Bring out all the media dredges and let them work long into the night to unearth the venal sins of his youth and the downed limbs of his family tree. It’s all there if you’d care to pick through the detritus.
> Photos: Final round of 82nd Masters Tournament
But put Reed on a golf course and you better recognize the utter insignificance of the clutter when all that matters to him is to trample any other player in his line of sight.
Might be time to reassess this guy.
Patrick Reed just might be as good as he thinks he is.
Playing with a lead, never losing it, wearing out the faltering and the hard-charging alike, Reed won the Masters Sunday employing the kind of steel he has used to build his reputation as a Ryder Cup hammer.
Reed shot his first over-60 round of the week Sunday – 71, the highest final-round score by a Masters champion since Angel Cabrera in 2009. He was still 15-under par for the week and one stroke better than Rickie Fowler, who is now just a second-place finish at the PGA Championship from a runner-up career grand slam.
What became of the fellow paired with Reed Sunday, the one going for the actual career slam, the one who a day earlier had suggested all the pressure was on his playing partner? Rory McIlroy was a hot mess. He shot 74 and was invisible by the turn. His putter betrayed him – McIlroy finished last in the field in strokes gained putting Sunday (where Reed was third) – and nobody gains ground here without that particular walking stick.
So much for the whole match-play Masters scenario.
It was up to those a lap down after Saturday’s third round to provide the necessary Sunday-at-the-Masters tingle.
Fowler had begun the day five back of Reed. When the time he put together his by-the-numbers birdie on No. 18 one group ahead of Reed – fairway, seven feet, Yahtzee – that made it imperative for Reed to par the last hole to win. This Reed did by sinking a nervy little four-footer.
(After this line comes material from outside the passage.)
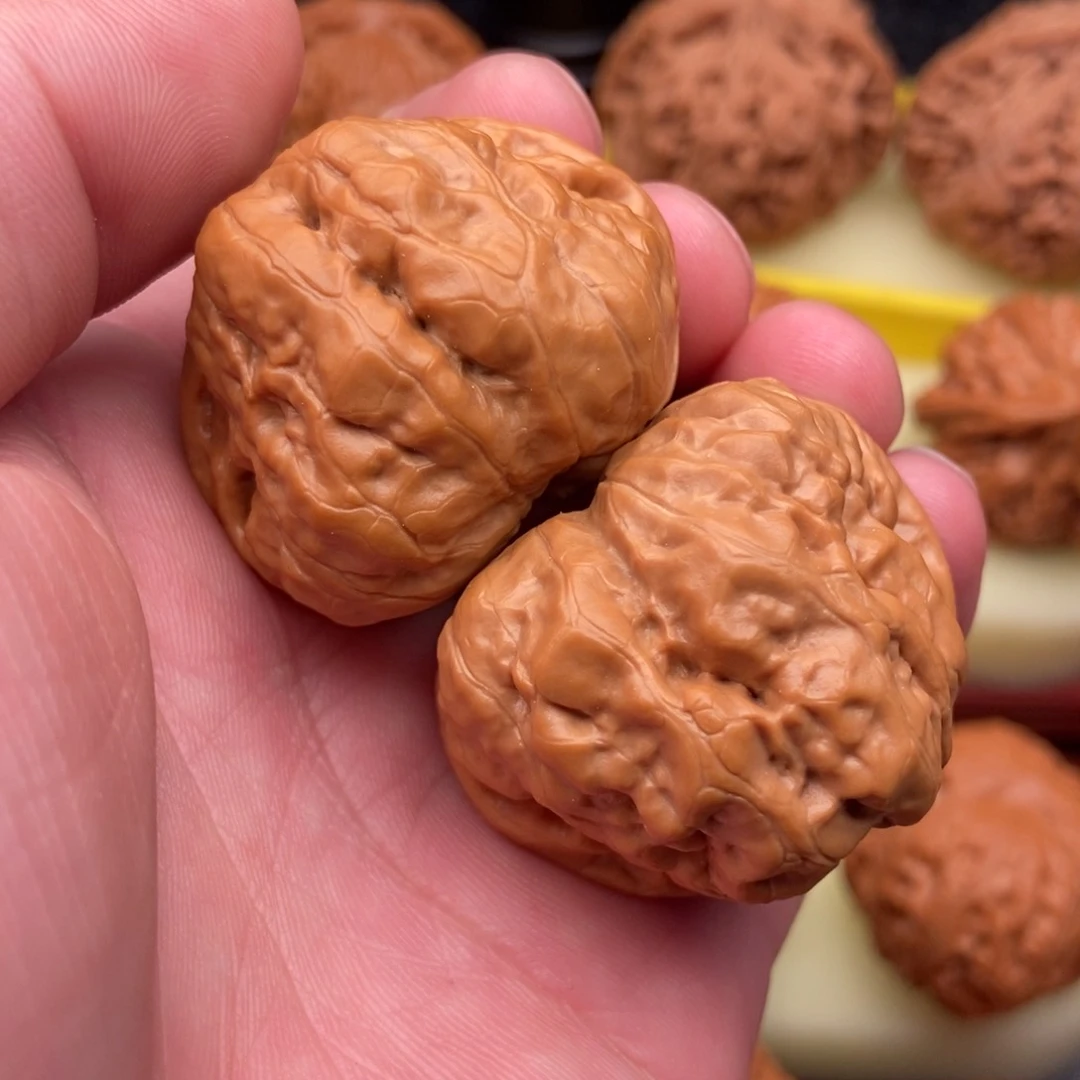 文玩核桃把件磊*金蟾40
The worst golf handicapper ever just may be Jordan Spieth, who made the grave mistake of underestimating himself. As he left the property Saturday, nine strokes between himself and the leader, he said, “I get to play one of my only stress-free rounds ever at Augusta National (Sunday). I get to enjoy the walk.”
“Well, the first few holes were stress-free,” he said at the close of the golfing business day Sunday.
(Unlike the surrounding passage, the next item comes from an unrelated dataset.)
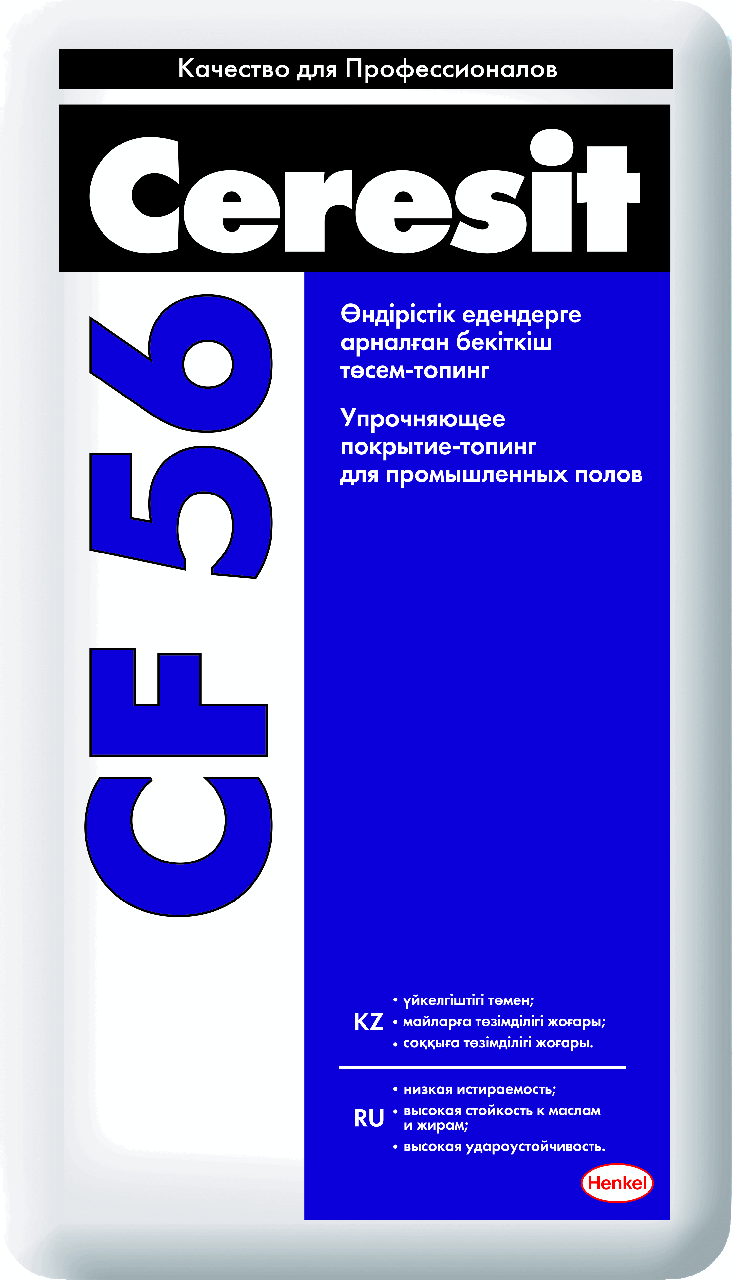 Топпинг упрочняющее полимерцементное Ceresit CF 56 25 кг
Thank you, Jordan Spieth, for making the afternoon so much more intriguing. He came out of East Nowhere to send a great charge through Sunday's back nine. He had conquered his great nemesis, the par-3 12th, sinking a 27-foot birdie putt from just off the green. And when he made another snake on the par-3 16th, from 33 feet, he pulled into a momentary tie with Reed.
“I almost pulled off the impossible,” said Spieth, who finished at 13 under for the tournament, two back of Reed. The 2015 Masters champion, and twice a runner-up, shot 64, tying his lowest-ever round at Augusta National. So, tough to find fault in a closing bogey that needed to be a birdie in order to trouble Reed.
Wearing pink on the orders of his clothing sponsor rather than the Sunday red he had always worn in honor of Tiger Woods, Reed may have sartorially clashed with the green jacket. "It works," Reed insisted.
His game, without a doubt, suited the jacket nicely.
“You know, it’s just kind of one of those things that you expect trying to go win your first major, you know that people are going to make runs and it's not going to be easy,” Reed said. “You're going to have to go out and play a good round of golf and shoot under par.”
His day began inauspiciously, with a sloppy shot from a green-side bunker on No. 1 that eventually cost him a bogey. And on the par-5 second – he had been devouring the par-5s all week, going 13 under on the first 12 he played – he put up a very beige par. Meanwhile, McIlroy looked over a four-foot putt for eagle that would have vaulted him into a tie for the lead. He missed, and thereby provided a definition for the unlikely phrase “bad birdie.”
With all the commotion in front of him, with Fowler and Spieth whipping up the populace, Reed’s strength was in how he played the closing seven holes. Taking bogey on No. 11, Reed went 2-under the rest of the way. His par on 17 that he rescued from a tee shot in the trees was the definition of the phrase “very good par.”
And a two-putt from above the hole on No. 18 – “the fastest putt on the golf course,” Reed said – confirmed his place as a major champion.
That Reed listened to louder cheers for other players all day didn’t matter. “That's another thing that just kind of played into my hand,” he said, needing no one’s cheers.
Where once he was way premature in declaring himself a top-five player in the world back in 2014, those words now just ring as prophesy.
“You know, I stand by my comments,” he said, with the green jacket around him. “I feel like that I've played some golf that I need to play in order to get to where I want to be – and that's to be the best golfer in the world. The way you're going to do that is perform in these big events and to win these big events.”
So, really, how do like Patrick Reed now?